The year is 2008. Sameer (Vidyut) and Nargis (Shivaleeka Oberoi) get moony-eyed over a chai pe charcha family meeting and quickly get married. A song later, director Faruk Kabir cuts to the chase, with the couple, after losing their livelihood in the wake of global recession, landing jobs in the fictional Middle Eastern country of Noman, which has apparently been left untouched by the ups and downs of the world economy. Nargis leaves first, with Sameer slated to follow, but she can barely make it out of the airport before being kidnapped. A helpless Sameer, armed with a postcode and a phone number that don’t exist, lands up in Noman. The rest of Khuda Haafiz is par for the course.
For most of Khuda Haafiz, Vidyut covers his abs under baggy clothes and puts on a perpetually pained face as he keeps imploring, “Mujhe meri Nargis chahiye”. Along the way, he meets the usual stock characters, including a friendly Pathan cab driver (played by Annu Kapoor) and a few Hindi-speaking Arab secret agents (Shiv Panditt and Aahana Kumra), who travel the spectrum between overzealous and ambiguous, to track down the kidnappers, who operate a human trafficking racket that Nargis has been sucked into.

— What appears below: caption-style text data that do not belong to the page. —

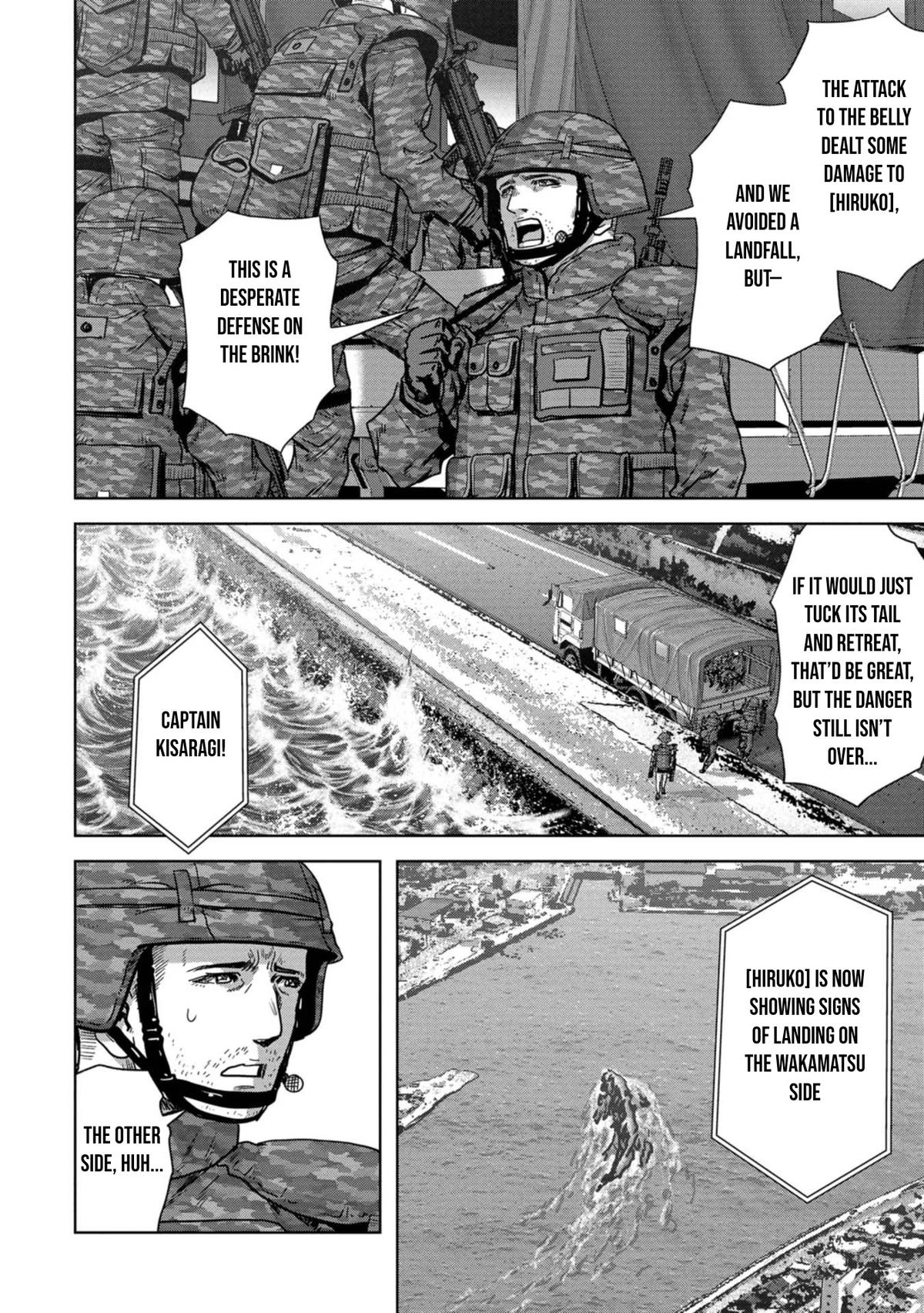 Kaijuu Jieitai Chap 34 - Next Chap 35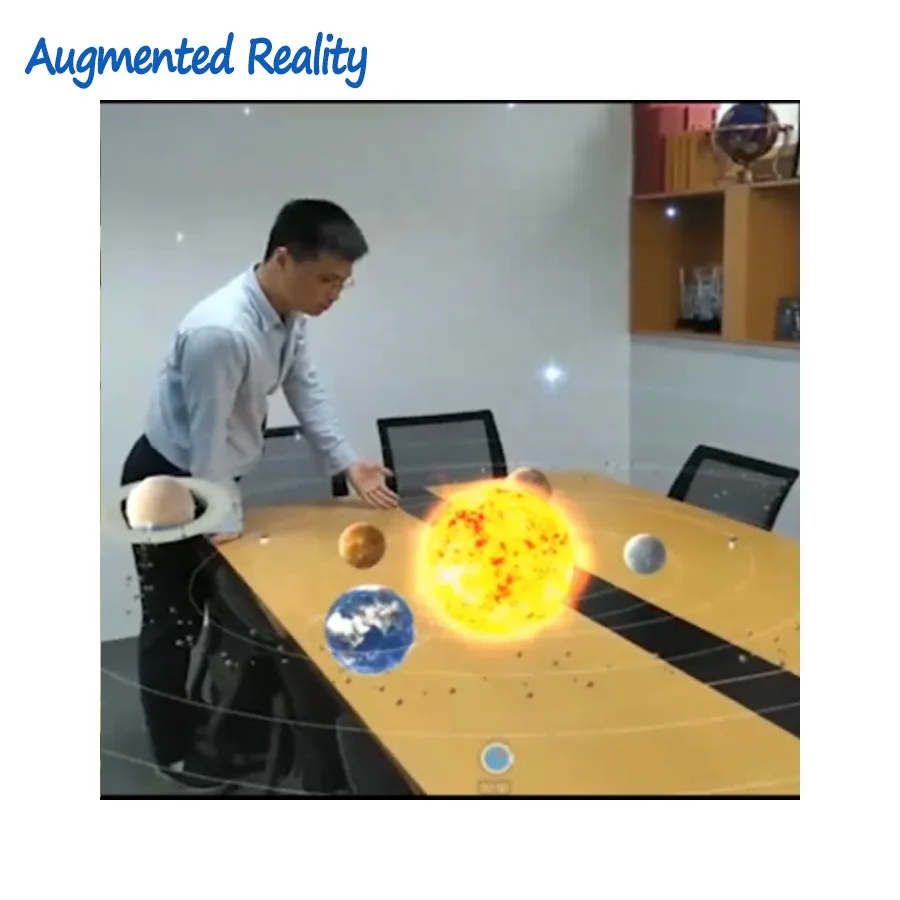 Augmented Reality Machine für Ausstellungen oder Museumsanwendungen, Software-Entwickler, 3D-Ar-Brillen, immersive Display-Technologie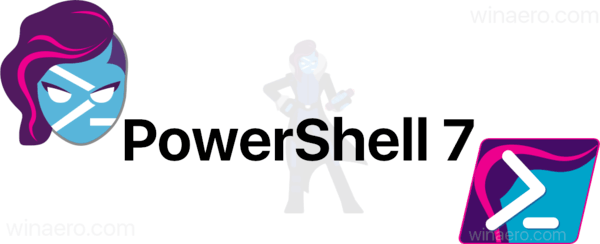 Banner prostředí PowerShell 7
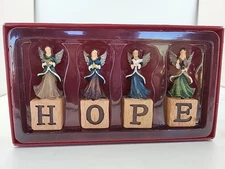 St. Nicholas Square "Hope" Block Set Angels Tower Sentiment Christmas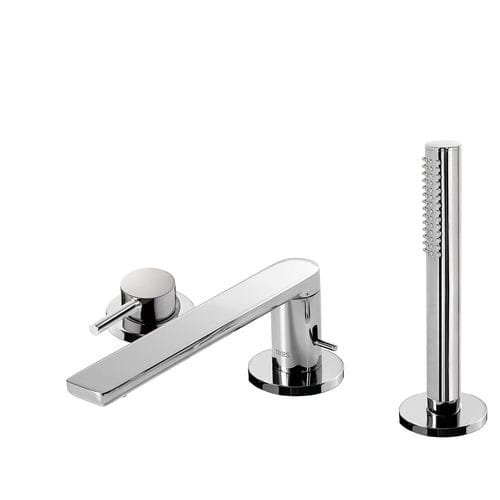 Shower mixer tap - MAX-TRES: 06216103 - TRES Grifería - for bathtub / deck mounted / chromed metal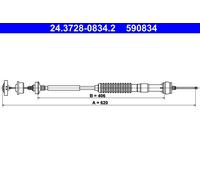 Cavo comando, Comando frizione per PEUGEOT 306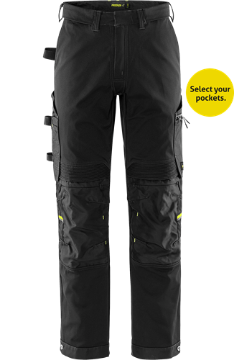 Fristads 2800 GSTT Flex stretch püksid must D108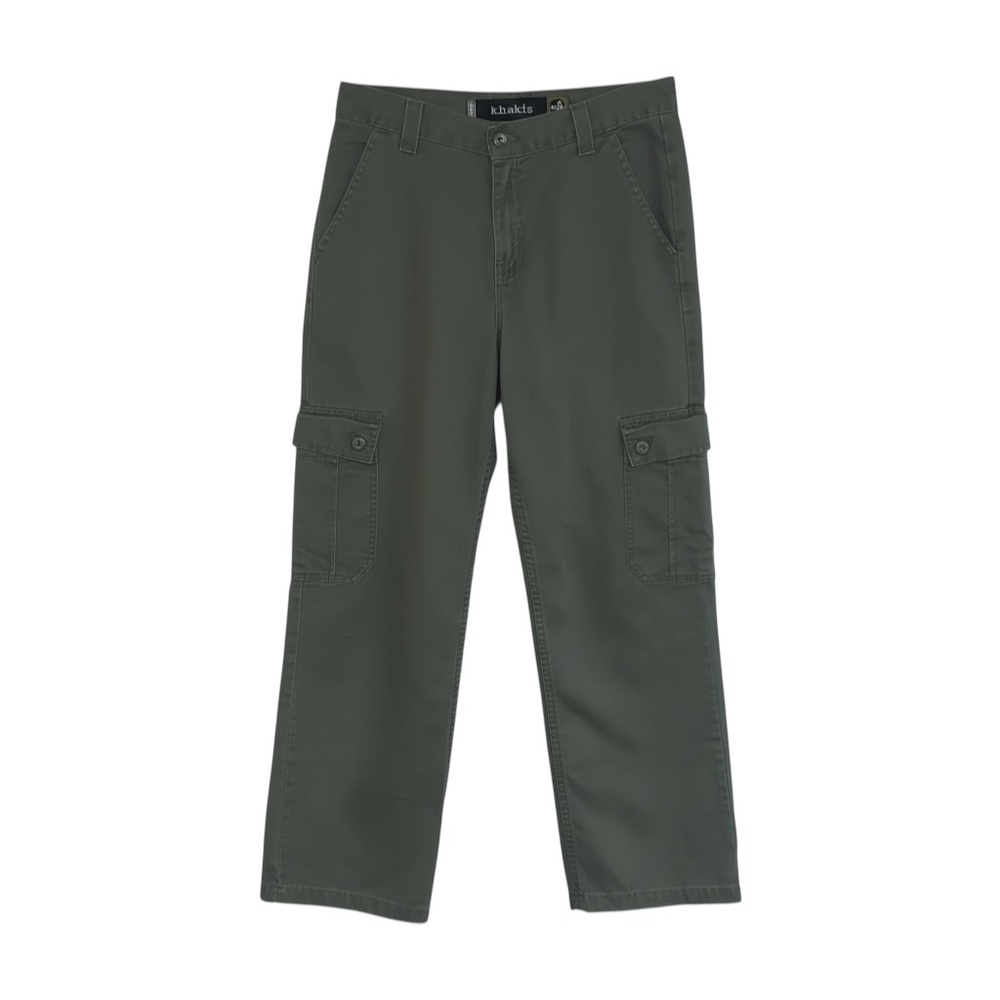Levi’s‎ SilverTab Vintage Cargo Khakis Khaki Green Baggy Straight Leg Women’s 11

A large part of the film involves Sameer running into dead ends or getting frustrated with the slow investigation into Nargis’s disappearance before taking matters into his own hands. Even then, his action moves are limited to some clumsy and awkward roll-in-the-dust brawls. At one point, Sameer tries to get a key member of the flesh trade racket to speak up after sticking a fork into him.